DATA SECTION:
*** Begin section ***

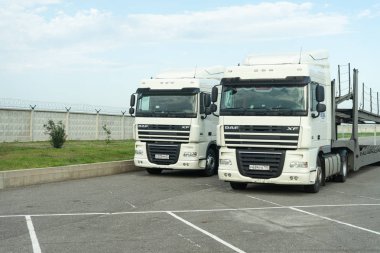 İki kamyon. Araba Bayilik Park edilmiş.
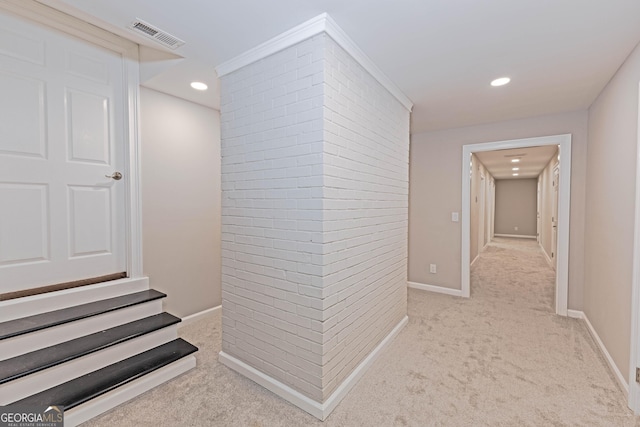 hallway with light carpet, baseboards, visible vents, and recessed lighting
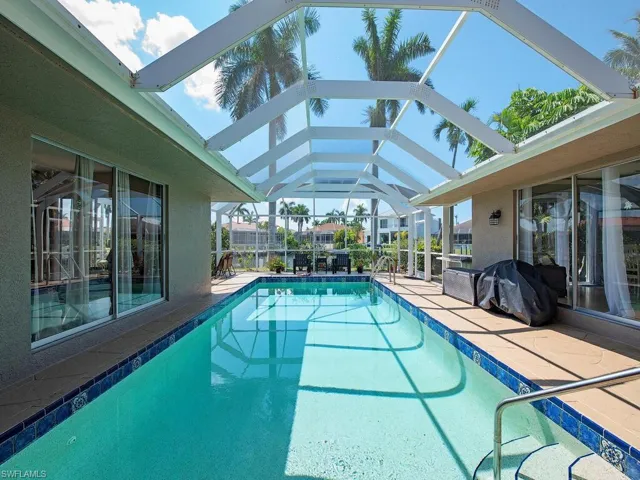 View of pool featuring a lanai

*** End section ***

EXERCISE INSTRUCTIONS: Reproduce every line above as written, skipping pictures.

SOLUTION:
 İki kamyon. Araba Bayilik Park edilmiş.
 hallway with light carpet, baseboards, visible vents, and recessed lighting
 View of pool featuring a lanai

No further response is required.